TASK TO COMPLETE
Taking the data below, please print only the lines from the line holding "山東292家企業(yè)齊聚" to the line holding "Combiチャイルドシート クルムーヴネイビーISOFIX回転式　CG-CIG", inclusive, with pictures omitted.

SUPPLIED MATERIAL
------
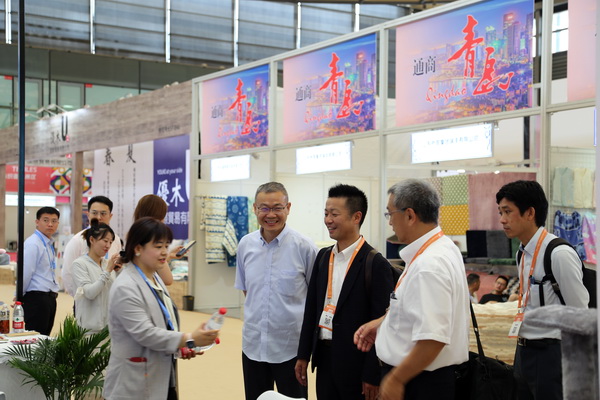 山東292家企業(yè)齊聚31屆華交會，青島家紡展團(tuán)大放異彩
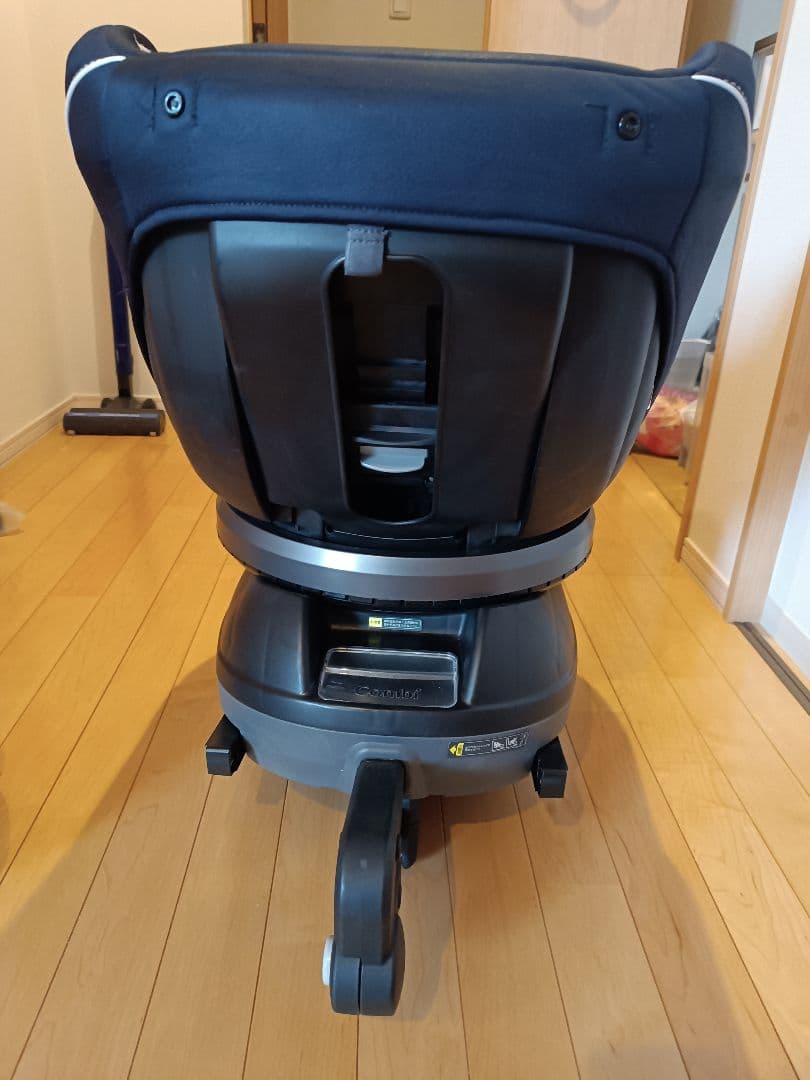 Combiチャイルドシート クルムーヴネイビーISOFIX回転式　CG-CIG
------
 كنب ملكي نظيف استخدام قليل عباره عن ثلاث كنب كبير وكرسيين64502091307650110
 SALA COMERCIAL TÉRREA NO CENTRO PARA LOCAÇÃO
------
EXERCISE ANSWER
 山東292家企業(yè)齊聚31屆華交會，青島家紡展團(tuán)大放異彩
 Combiチャイルドシート クルムーヴネイビーISOFIX回転式　CG-CIG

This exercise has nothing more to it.